§ Brief: No line before the one containing "s Yellow Gold Champagne Dial 18238 Men" should appear; that line and all lines after it, through the end of the data, are to be set down exactly.

§ Record extracts:
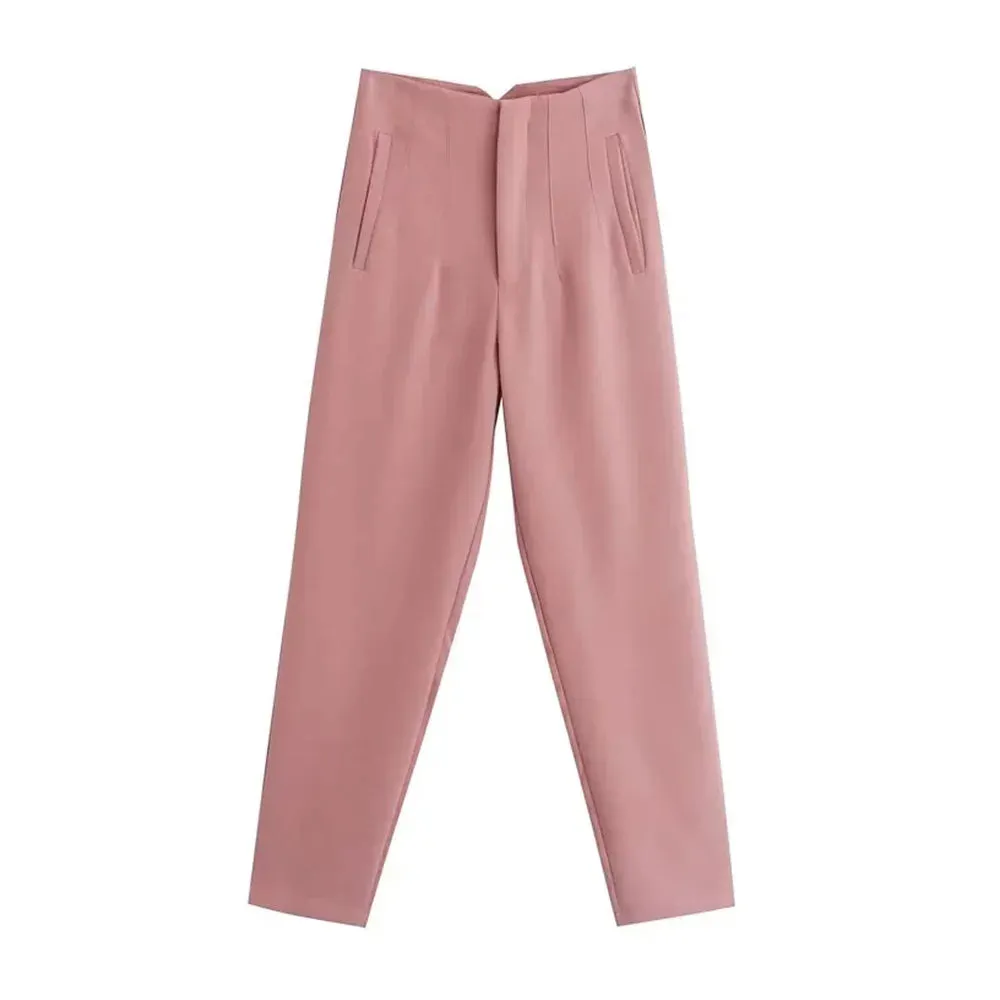 Women's High Waist Vintage Ankle Pants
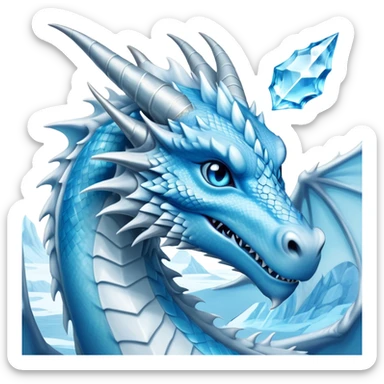 Cinematic Noble wise elegant Ice Dragon Portrait Emoji, Poised and imposing, distinct long elegant snout, with a slender, scaled body shimmering in glacial hues of icy blue, frostbitten silver, and crystalline white, breathing out frost, with piercing, glowing ice blue white eyes that radiate the chilling depths of an arctic storm; rendered in detail. excuding wisdom sticker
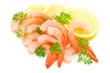Photo: parsley,lemon and shrimps on white background parsley,lemon and shrimps on white background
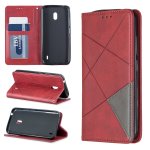 Nokia 2.2 Case Handytasche Ledertasche Fotofach Standfunktion Karo Style Rot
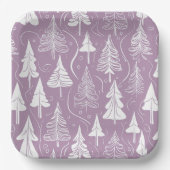 Lila Weihnachtsmuster#6 ID1009 Pappteller (Vorderseite)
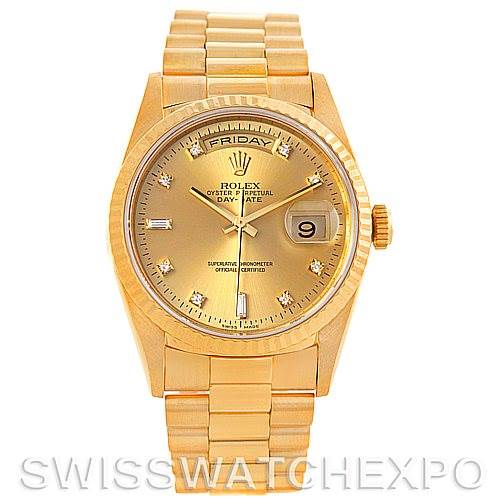 The image shows a frontal view of a Rolex President 18238 Men
s Yellow Gold Champagne Dial 18238 Men
s Yellow Gold Champagne Dial model watch, displaying its dial, bracelet, and day-date features.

§ Result of the task:
s Yellow Gold Champagne Dial 18238 Men
s Yellow Gold Champagne Dial model watch, displaying its dial, bracelet, and day-date features.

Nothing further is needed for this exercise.